Hace unos treinta años, siendo Secretario de Estado en el Ministerio de Exteriores formé parte de un Jurado deportivo. Llegue cuando empezaba la deliberación y al sentarme tuve una de las sorpresas más grandes de mi vida: estaba flanqueado por Zarra y por Bahamontes. Dos de los mitos más grandes de mi niñez y mocedad.

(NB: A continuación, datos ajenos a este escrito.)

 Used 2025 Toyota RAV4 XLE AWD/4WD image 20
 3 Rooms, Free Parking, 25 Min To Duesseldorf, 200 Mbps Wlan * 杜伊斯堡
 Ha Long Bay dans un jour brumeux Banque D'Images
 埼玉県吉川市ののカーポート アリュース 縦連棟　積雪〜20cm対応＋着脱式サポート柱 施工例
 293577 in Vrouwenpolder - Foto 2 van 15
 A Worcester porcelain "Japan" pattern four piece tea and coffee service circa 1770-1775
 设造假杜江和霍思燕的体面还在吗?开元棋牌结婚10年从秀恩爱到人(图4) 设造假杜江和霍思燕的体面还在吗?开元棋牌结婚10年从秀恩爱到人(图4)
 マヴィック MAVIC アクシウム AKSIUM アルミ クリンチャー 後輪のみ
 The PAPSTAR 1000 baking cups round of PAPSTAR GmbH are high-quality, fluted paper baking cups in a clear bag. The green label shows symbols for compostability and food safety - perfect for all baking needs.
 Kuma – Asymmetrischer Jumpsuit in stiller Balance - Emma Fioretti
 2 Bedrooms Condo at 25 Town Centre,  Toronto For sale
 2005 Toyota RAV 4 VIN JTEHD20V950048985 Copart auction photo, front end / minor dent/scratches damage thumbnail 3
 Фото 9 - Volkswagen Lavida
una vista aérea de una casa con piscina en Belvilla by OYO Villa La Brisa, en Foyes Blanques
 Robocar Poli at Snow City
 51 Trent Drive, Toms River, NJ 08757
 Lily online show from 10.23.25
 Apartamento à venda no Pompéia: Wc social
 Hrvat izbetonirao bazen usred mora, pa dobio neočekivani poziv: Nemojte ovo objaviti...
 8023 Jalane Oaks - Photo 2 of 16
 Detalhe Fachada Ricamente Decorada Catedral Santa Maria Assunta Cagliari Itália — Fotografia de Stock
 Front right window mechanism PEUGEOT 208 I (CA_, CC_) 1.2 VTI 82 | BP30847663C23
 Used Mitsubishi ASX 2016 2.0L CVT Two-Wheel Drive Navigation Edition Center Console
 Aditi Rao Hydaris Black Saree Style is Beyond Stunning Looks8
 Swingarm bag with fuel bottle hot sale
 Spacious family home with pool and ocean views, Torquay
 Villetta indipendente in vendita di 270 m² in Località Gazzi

El noble vasco, hoy lamentablemente casi olvidado, era el que le había metido al gol a la pérfida Albión en el Mundial de Río de 1950 y Bahamontes nos había entusiasmado en el Tour a lo largo de seis o siete años.
El régimen de Franco había explotado la imagen del ciclista toledano igual que se montaría en el Real Madrid de Di Stefano, Rial y Bernabeu, cinco copas de Europa consecutivas eran muchas copas por lo insólito aunque ahora hay quien se empeñe cerrilmente en que el gobierno jugó un papel en esos logros intrigando en despachos importantes europeos- una sandez mayor que el Tibidabo en cuyas cercanías circulaba la insidia- y Bahamontes se reía con su sufrimiento pero disfrutaba dejando clavados a sus rivales escalando el Aubisque o el Tourmalet.
El noticiario Nodo nos trajo abundantes imágenes de los subidones de Federico en las montañas galas- eran imágenes fugaces como los goles de Di Stefano o Gento pero las paladeábamos con delectación y disfrutábamos cuando el “ Águila de Toledo”, como lo bautizó el famoso director del Tour Jacques Godard, le mojaba la oreja a su rival Charly Gaul o era piropeado por monstruos franceses como Bobet o Anquetil.
El bueno de Bahamontes llenó de orgullo a más de una generación de españoles y en un viaje de estudios quinceañero a Francia, organizado por los jesuitas, los chavales nos embobábamos en la tele en blanco y negro viendo a Federico tomar un helado en plena carrera después de haber coronado un col. El ciclista nos hizo aprender parte de la geografía francesa, nombres de los deportistas, diferenciar media docena de quesos y hasta preguntarnos en nuestros sueños nocturnos si una persona como el toledano habría conocido a Brigitte Bardot o charlado con personas como Albert Camus o el general de Gaulle. Un grande como el, que se merendaba año tras año el premio de la Montaña, seguro que lo habría hecho pensábamos.
Para los que hemos cruzado la cima de los ochenta, la muerte de Bahamontes tiene un sabor agridulce. Tiene algo de la magdalena de Proust, de una época de escasas preocupaciones y muchas esperanzas ilusionantes, y tiene algo de golpe que, uniéndose a la imagen de Manolete, Blume, Argenta, Pinito del Oro, Carmen Sevilla, Pablito Calvo, La Sara de El último cuplé ...., te deja un regusto casi amargo.